Кроме Фотия, имеем и другое современное свидетельство о первом появлении руси под Царьградом. Никита Пафлагонянин в своем жизнеописании патриарха Игнатия упоминает о свирепствах скифского народа рось в окрестностях Царьграда, также без всякого намека на скандинавское происхождение.

5

Варуфорос не означает ли Вар-порог? В таком случае против славянского Веруци следовало бы поставить русское Варуфорос (а не Леанти), как происходящий от того же корна врети, варити. Геландри, по объяснению Константина, значит «шум порога»; отсюда мы делаем предположение: не скрывается ли тут слово гуль? Форма Гуландарь или Гуландра весьма возможна в русском языке. Нисколько не настаиваем на своих словопроизводствах в этом случае и делаем их только для того, чтобы показать возможность объяснить некоторые непонятные имена из славянских корней. Может быть, кто-нибудь со временем доберется до их смысла. А возможно, и то, что их смысл для нас навсегда потерян вследствие большого искажения. Например, если бы не другие соображения, то филологически невозможно в Телюца узнать Любеч. Точно так же филологически нельзя доказать, что Напрези означает малый порог. Напомним еще ряд собственных имен, доселе не разъясненных: Могуты, Татраны, Шельбиры, Топчакы, Ревугы и Ольберы («Слово о полку Игореве»). Чтоб отделаться от них, их объявили нерусскими; но вполне ли это верно? Наше предположение о возможности видоизменения тех же слов или о замене их другими (не выходя из пределов того же языка) подтверждается позднейшими названиями Днепровских порогов. Многие ли из них сохранились от времен Константина хоть до XVI века, то есть до «Книги Большого Чертежа»? Мы находим в ней, собственно, одно тождественное с прежним название: Ненасытец (Неясыть IX века). Потом следует Звонец, соответствующий Константинову переводу против слова Геландри: «шум порога». Далее Вулнег, который может напоминать Вулнипраг. Вот и все. Остальные (Кодак, Сурской, Лоханной, Стрельчей, Княгинин, Воронова, Будило, Бальный, Лычна, Таволжаной) не похожи на имена, приведенные Константином. Только Будило напоминает «Не спи», но напоминает своим смыслом, а не буквой. Он же наводит на мысль о том, как иногда своеобразно могут видоизменяться названия. (Так вместо Гуландри мог явиться Звонец.) Конечно, крупные географические имена сохраняются гораздо тверже, но такие мелкие, как имена длинного ряда порогов, неизбежно должны были варьироваться. Сравним названия порогов XVI века с их настоящими названиями. Большею частью они сохранились, но с другими окончаниями, и притом иногда совсем не на тех местах; есть и названия совсем новые.

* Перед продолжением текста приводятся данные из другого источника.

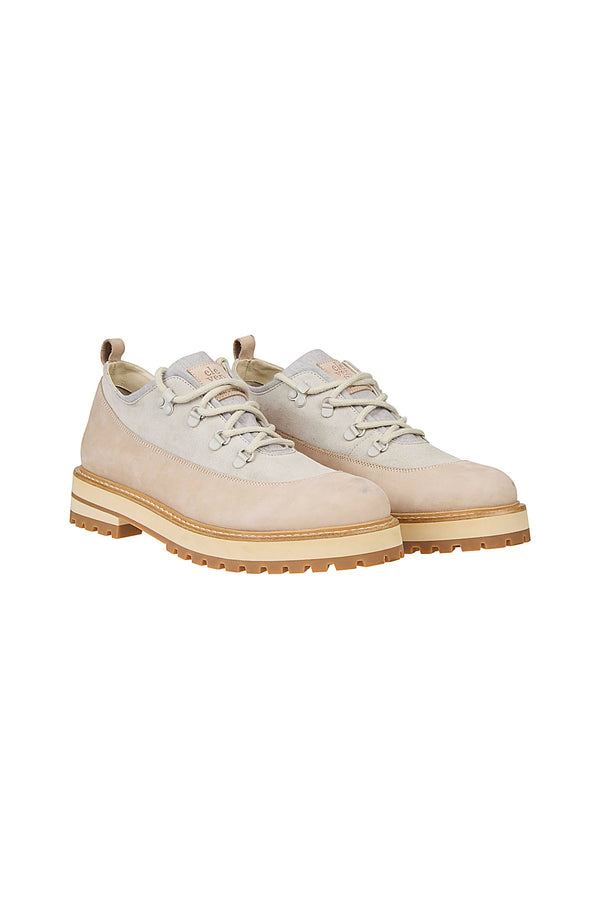 LOW TREKKING SHOE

Упомянем мимоходом о попытке объяснить все русские названия порогов у Константина Багрянородного и почти все личные имена той эпохи из языка венгерского (Зап. Одес. Общ. И. и Д. Т. VI). Это показывает, какое обширное поле для догадок представляют означенные названия. Действительно, имена порогов – самое темное место в целом варяжском вопросе. Можно предложить еще следующую догадку: несколько непонятных имен не есть ли это остаток названий из более древней эпохи, то есть из эпохи скифской?

6

Вероятное решение этого частного вопроса предложено много ниже; после исследования о народности болгар я пришел к заключению, что славянские названия порогов принадлежат наречию славяно-болгарскому.